WHAT YOU ARE ASKED TO DO: The required output is the stretch from the line containing "This is very" through the line containing "I'm going to" in the records below, unaltered and with no pictures.

PROVIDED MATERIAL:
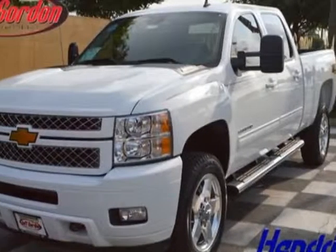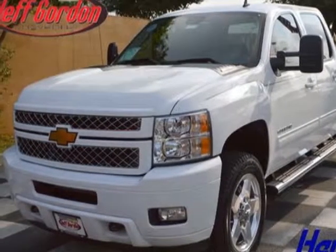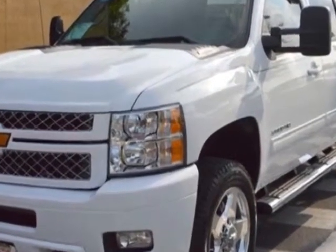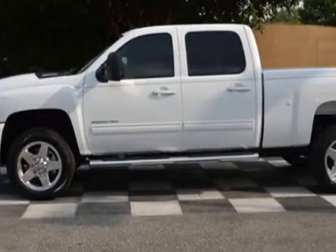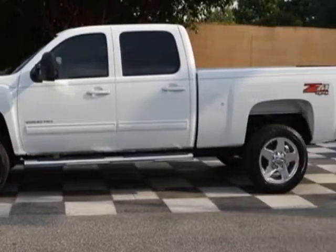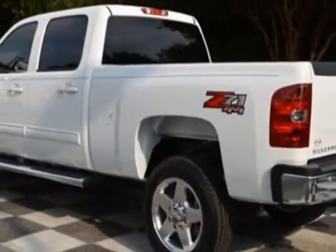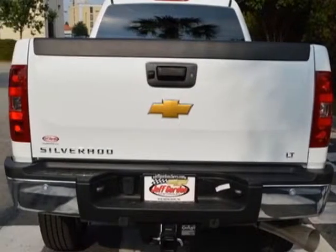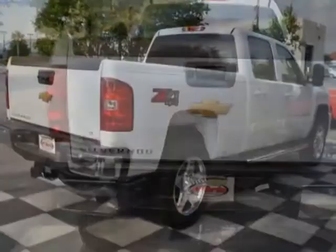Check out this new 2014 Chevrolet Silverado 2500 HD. For your protection, this vehicle has a full factory warranty. This Silverado 2500 HD boasts a 6.0 litre engine and has a 6-speed automatic transmission. Another great feature is that this vehicle uses diesel.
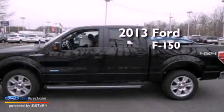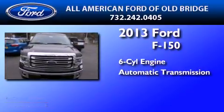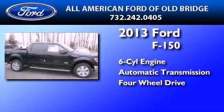This is a brand new 2013 Ford F-150. It has a six-cylinder engine, an automatic transmission, and the added safety and control of four-wheel drive.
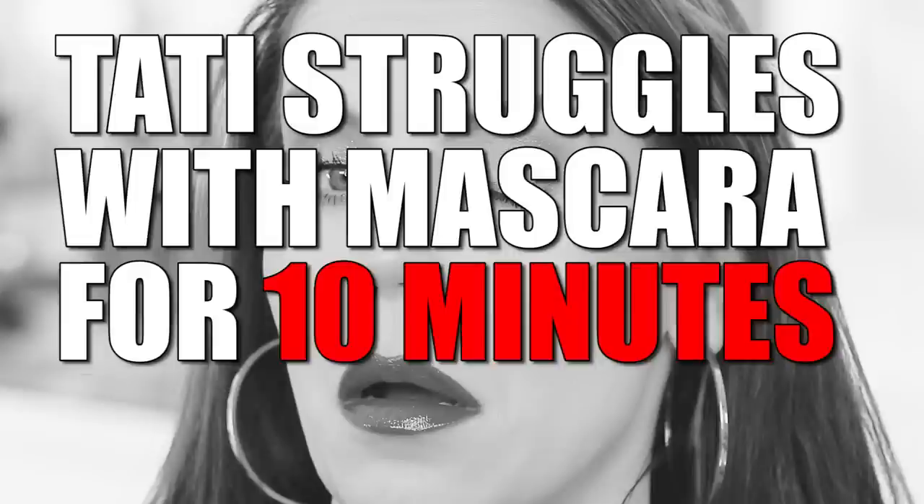Title of the video: Tati Struggles With Mascara For 10 Minutes Straight. I need to know from you guys in the comments — has anyone tried this and loved it? Am I doing it wrong? I read everything I could online and tried it like five different ways, and this is honestly horrible — worse than I thought. I expected maybe a very natural, wispy comb-through look. I did not expect it to get everywhere, be so irritating, and be so hard to apply. Let me know: have you tried this? Does it look great to you?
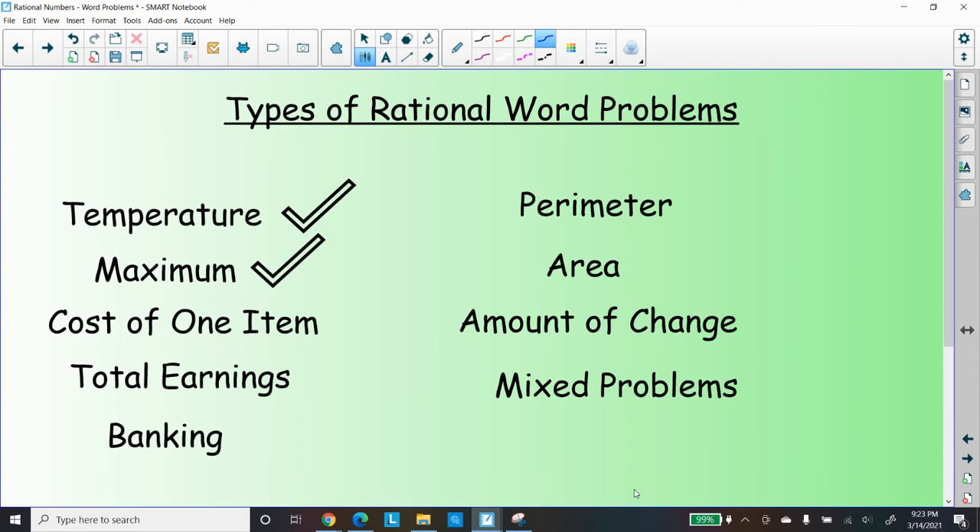Hello, ladies and gentlemen, Dr. Robinson here again. We're continuing our rational word problem study. We've now completed temperature and maximum, and now we're working on the cost of one item.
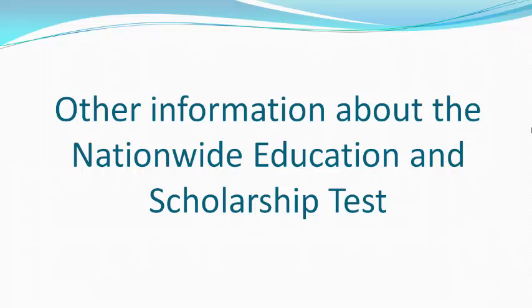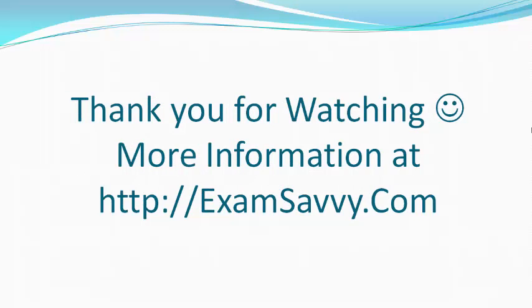I hope you have learnt a lot about the Nationwide Education and Scholarship Test. Thank you for watching. More information at www.examsavvy.com. Have fun!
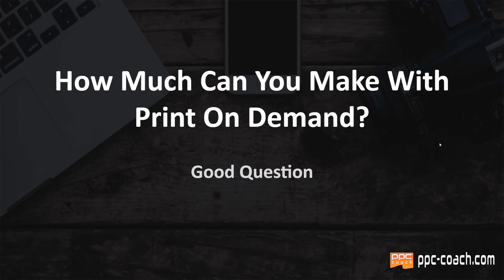Hey, Will here from PPC Coach. A question I get all the time is: how much can you make with print on demand? And that is a very good question.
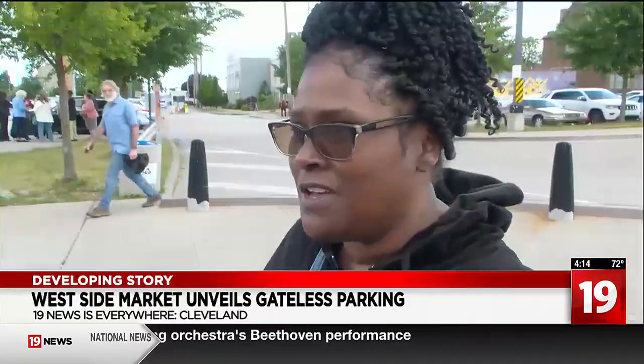This is very inconvenient. I don't even know my license plates by heart, so I got to go back to my car. Not too bad — I didn't even have to pay for it. It's great. Yeah, we love it.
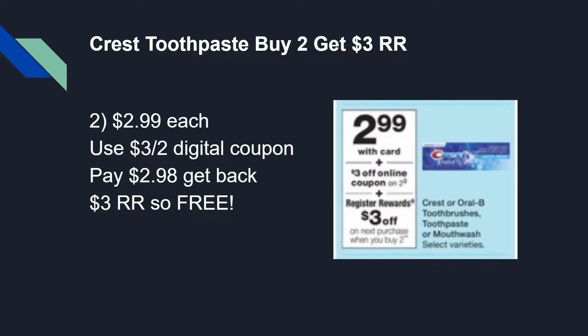The first deal is on Crest toothpaste or Oral-B toothbrushes. If you're out of toothpaste, you can grab some Crest for free. The deal is buy two and get a $3 register reward — they're $2.99 each. This is a great digital deal even for beginners: clip the $3 off two digital coupon, pay $2.98, and get back a $3 register reward, making it free. We'll also need these register rewards to roll over into other deals, so stay tuned.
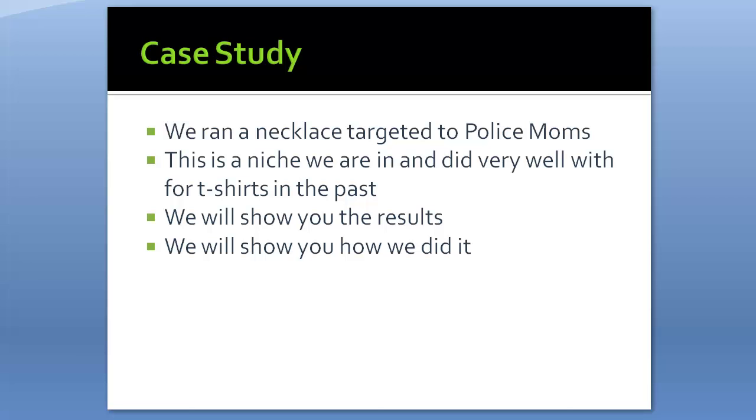I'm going to show you everything in this case study — the Facebook ad campaign, the Gearbubble page, the images, anything you want to see. We ran a necklace targeted at police moms. This is a niche we're already in and have done very well with for t-shirts. You may have seen our Teespring campaign that sold over 5,000. You'll see the exact slogan, and we're going to show you the results and how we did it.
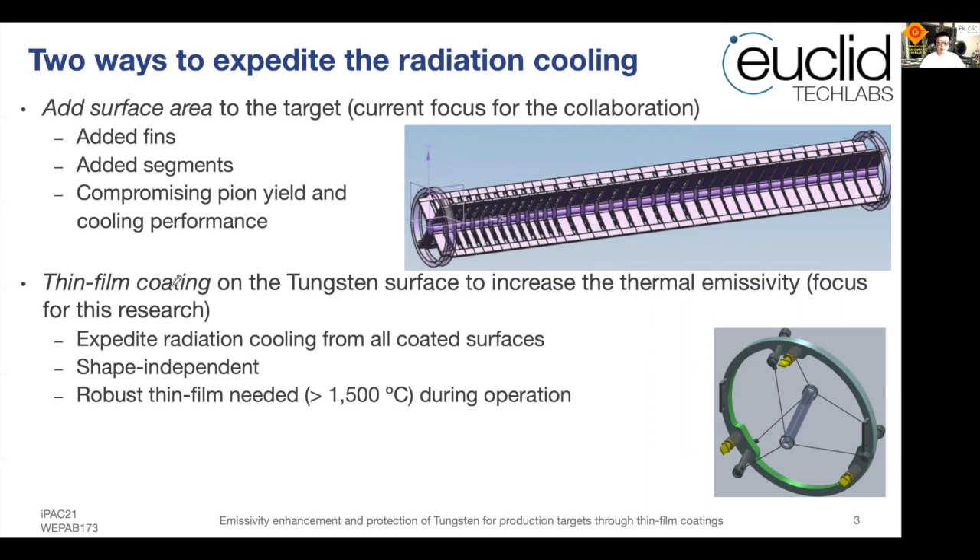There are several advantages to the thin film approach. First, you can expedite radiation cooling from all coated surfaces. It is shape-independent and robust at high temperatures greater than 1500 degrees C if a correct thin film is selected.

TASK RESULT:
This is very inconvenient. I don't even know my license plates by heart, so I got to go back to my car. Not too bad — I didn't even have to pay for it. It's great. Yeah, we love it.
The first deal is on Crest toothpaste or Oral-B toothbrushes. If you're out of toothpaste, you can grab some Crest for free. The deal is buy two and get a $3 register reward — they're $2.99 each. This is a great digital deal even for beginners: clip the $3 off two digital coupon, pay $2.98, and get back a $3 register reward, making it free. We'll also need these register rewards to roll over into other deals, so stay tuned.
I'm going to show you everything in this case study — the Facebook ad campaign, the Gearbubble page, the images, anything you want to see. We ran a necklace targeted at police moms. This is a niche we're already in and have done very well with for t-shirts. You may have seen our Teespring campaign that sold over 5,000. You'll see the exact slogan, and we're going to show you the results and how we did it.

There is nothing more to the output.